ENTRIES PROVIDED -
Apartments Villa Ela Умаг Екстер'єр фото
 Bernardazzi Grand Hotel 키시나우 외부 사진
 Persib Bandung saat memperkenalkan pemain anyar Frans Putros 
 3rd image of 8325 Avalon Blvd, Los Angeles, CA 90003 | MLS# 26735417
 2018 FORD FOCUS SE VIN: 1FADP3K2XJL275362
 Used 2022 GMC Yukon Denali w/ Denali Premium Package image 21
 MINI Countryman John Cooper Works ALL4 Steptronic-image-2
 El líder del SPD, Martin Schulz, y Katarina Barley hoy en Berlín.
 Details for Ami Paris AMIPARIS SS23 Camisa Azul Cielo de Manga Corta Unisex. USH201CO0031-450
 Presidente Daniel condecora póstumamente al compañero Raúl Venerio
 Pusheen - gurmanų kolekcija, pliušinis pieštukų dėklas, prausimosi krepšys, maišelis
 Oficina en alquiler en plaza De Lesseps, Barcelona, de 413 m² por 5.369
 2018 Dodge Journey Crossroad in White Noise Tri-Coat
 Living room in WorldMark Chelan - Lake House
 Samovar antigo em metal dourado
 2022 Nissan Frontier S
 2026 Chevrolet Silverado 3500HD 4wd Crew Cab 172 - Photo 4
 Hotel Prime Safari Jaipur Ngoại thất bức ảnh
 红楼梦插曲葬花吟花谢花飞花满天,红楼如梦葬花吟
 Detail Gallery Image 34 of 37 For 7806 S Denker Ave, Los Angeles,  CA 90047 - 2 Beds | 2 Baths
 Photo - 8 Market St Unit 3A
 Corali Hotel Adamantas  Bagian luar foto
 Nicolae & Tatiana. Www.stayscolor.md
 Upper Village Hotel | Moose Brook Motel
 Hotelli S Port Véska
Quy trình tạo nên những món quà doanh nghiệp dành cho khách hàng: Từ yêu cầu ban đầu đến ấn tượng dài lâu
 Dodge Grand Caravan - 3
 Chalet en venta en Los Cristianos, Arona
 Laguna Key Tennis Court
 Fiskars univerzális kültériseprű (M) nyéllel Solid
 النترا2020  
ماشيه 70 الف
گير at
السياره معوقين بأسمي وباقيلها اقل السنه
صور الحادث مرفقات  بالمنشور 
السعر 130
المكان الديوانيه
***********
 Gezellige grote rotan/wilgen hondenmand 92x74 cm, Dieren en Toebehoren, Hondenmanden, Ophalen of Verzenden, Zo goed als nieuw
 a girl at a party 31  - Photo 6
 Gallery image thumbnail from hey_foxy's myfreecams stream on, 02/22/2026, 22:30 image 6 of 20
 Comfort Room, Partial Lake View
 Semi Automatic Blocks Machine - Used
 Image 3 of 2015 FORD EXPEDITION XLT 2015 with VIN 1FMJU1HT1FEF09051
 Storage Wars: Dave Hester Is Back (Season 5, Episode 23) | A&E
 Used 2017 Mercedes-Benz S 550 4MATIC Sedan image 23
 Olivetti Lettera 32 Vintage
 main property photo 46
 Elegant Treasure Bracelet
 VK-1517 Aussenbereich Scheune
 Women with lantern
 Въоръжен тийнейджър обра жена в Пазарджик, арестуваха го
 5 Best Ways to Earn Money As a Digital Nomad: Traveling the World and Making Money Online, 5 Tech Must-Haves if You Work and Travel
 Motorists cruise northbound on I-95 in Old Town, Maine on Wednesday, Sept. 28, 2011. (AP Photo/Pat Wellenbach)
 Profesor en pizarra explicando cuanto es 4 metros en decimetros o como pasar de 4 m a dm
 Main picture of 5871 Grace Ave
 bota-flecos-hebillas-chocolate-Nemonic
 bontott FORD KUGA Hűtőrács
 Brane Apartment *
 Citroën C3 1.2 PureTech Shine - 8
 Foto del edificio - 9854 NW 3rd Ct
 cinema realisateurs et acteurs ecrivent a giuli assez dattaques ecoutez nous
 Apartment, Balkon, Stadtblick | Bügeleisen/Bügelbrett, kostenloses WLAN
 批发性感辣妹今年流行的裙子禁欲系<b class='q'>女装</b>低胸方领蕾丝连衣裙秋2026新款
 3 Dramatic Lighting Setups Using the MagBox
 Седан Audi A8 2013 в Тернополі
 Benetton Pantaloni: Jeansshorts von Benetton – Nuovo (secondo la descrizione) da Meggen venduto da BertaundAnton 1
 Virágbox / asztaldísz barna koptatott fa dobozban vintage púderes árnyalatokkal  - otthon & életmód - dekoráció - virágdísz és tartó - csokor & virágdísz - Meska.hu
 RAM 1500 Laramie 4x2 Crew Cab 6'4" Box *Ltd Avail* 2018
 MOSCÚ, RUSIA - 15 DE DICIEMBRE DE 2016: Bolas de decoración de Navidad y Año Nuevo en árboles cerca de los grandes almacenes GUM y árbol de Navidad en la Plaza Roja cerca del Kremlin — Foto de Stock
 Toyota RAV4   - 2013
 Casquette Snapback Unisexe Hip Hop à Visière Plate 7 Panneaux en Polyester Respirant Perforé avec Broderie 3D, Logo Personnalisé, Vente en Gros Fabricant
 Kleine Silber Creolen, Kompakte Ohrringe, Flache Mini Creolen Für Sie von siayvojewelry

GOAL OF THE EXERCISE -
Take the line that holds "Foto del edificio - 9854 NW 3rd Ct" as the first and the last line of the material as the final one. Print that span exactly, both ends included.

EXPECTED OUTPUT -
 Foto del edificio - 9854 NW 3rd Ct
 cinema realisateurs et acteurs ecrivent a giuli assez dattaques ecoutez nous
 Apartment, Balkon, Stadtblick | Bügeleisen/Bügelbrett, kostenloses WLAN
 批发性感辣妹今年流行的裙子禁欲系<b class='q'>女装</b>低胸方领蕾丝连衣裙秋2026新款
 3 Dramatic Lighting Setups Using the MagBox
 Седан Audi A8 2013 в Тернополі
 Benetton Pantaloni: Jeansshorts von Benetton – Nuovo (secondo la descrizione) da Meggen venduto da BertaundAnton 1
 Virágbox / asztaldísz barna koptatott fa dobozban vintage púderes árnyalatokkal  - otthon & életmód - dekoráció - virágdísz és tartó - csokor & virágdísz - Meska.hu
 RAM 1500 Laramie 4x2 Crew Cab 6'4" Box *Ltd Avail* 2018
 MOSCÚ, RUSIA - 15 DE DICIEMBRE DE 2016: Bolas de decoración de Navidad y Año Nuevo en árboles cerca de los grandes almacenes GUM y árbol de Navidad en la Plaza Roja cerca del Kremlin — Foto de Stock
 Toyota RAV4   - 2013
 Casquette Snapback Unisexe Hip Hop à Visière Plate 7 Panneaux en Polyester Respirant Perforé avec Broderie 3D, Logo Personnalisé, Vente en Gros Fabricant
 Kleine Silber Creolen, Kompakte Ohrringe, Flache Mini Creolen Für Sie von siayvojewelry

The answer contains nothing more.